• What you should do
Your reply is to be the lines below, exactly as written, with images omitted.

• Given data

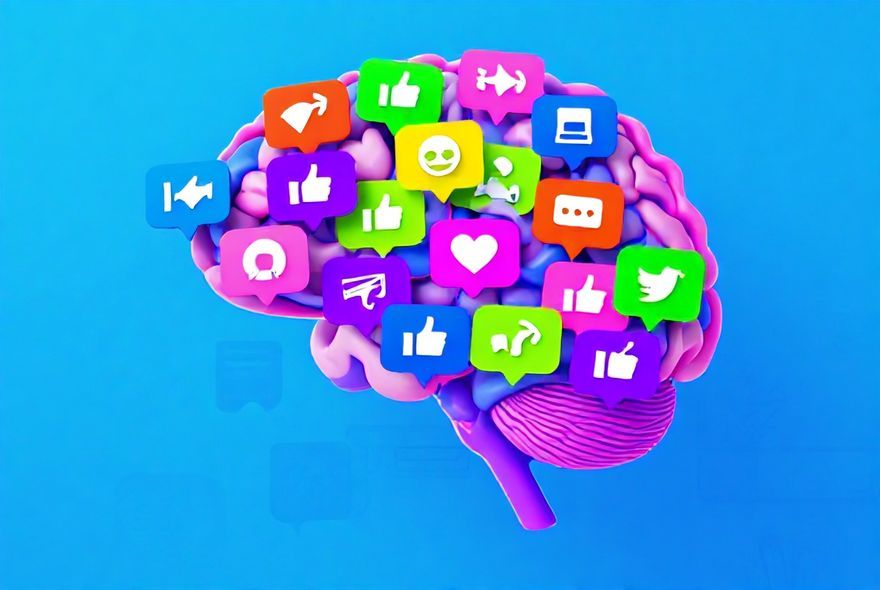 mental mechanisms transforms your social media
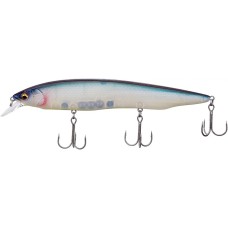 Воблер Megabass Kanata Ayu F 160mm 30.0g Kameyama Ghost Pearl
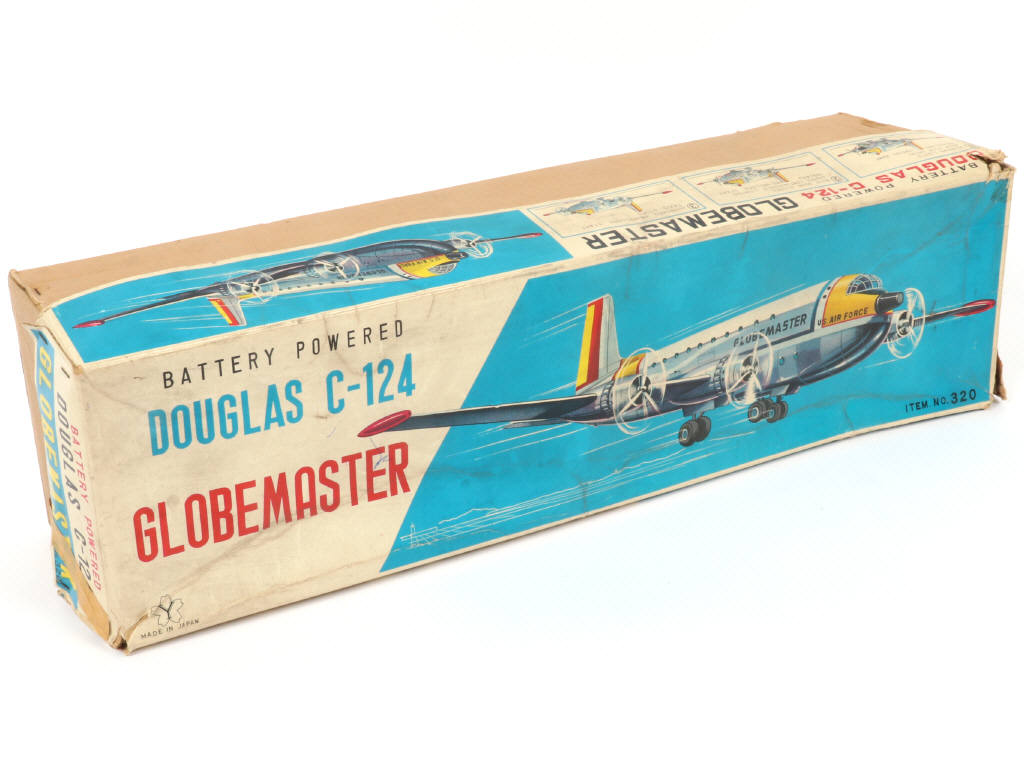 Lot 210 - YONEZAWA TOYS (JAPON) (1)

• Exercise answer
 mental mechanisms transforms your social media
 Воблер Megabass Kanata Ayu F 160mm 30.0g Kameyama Ghost Pearl
 Lot 210 - YONEZAWA TOYS (JAPON) (1)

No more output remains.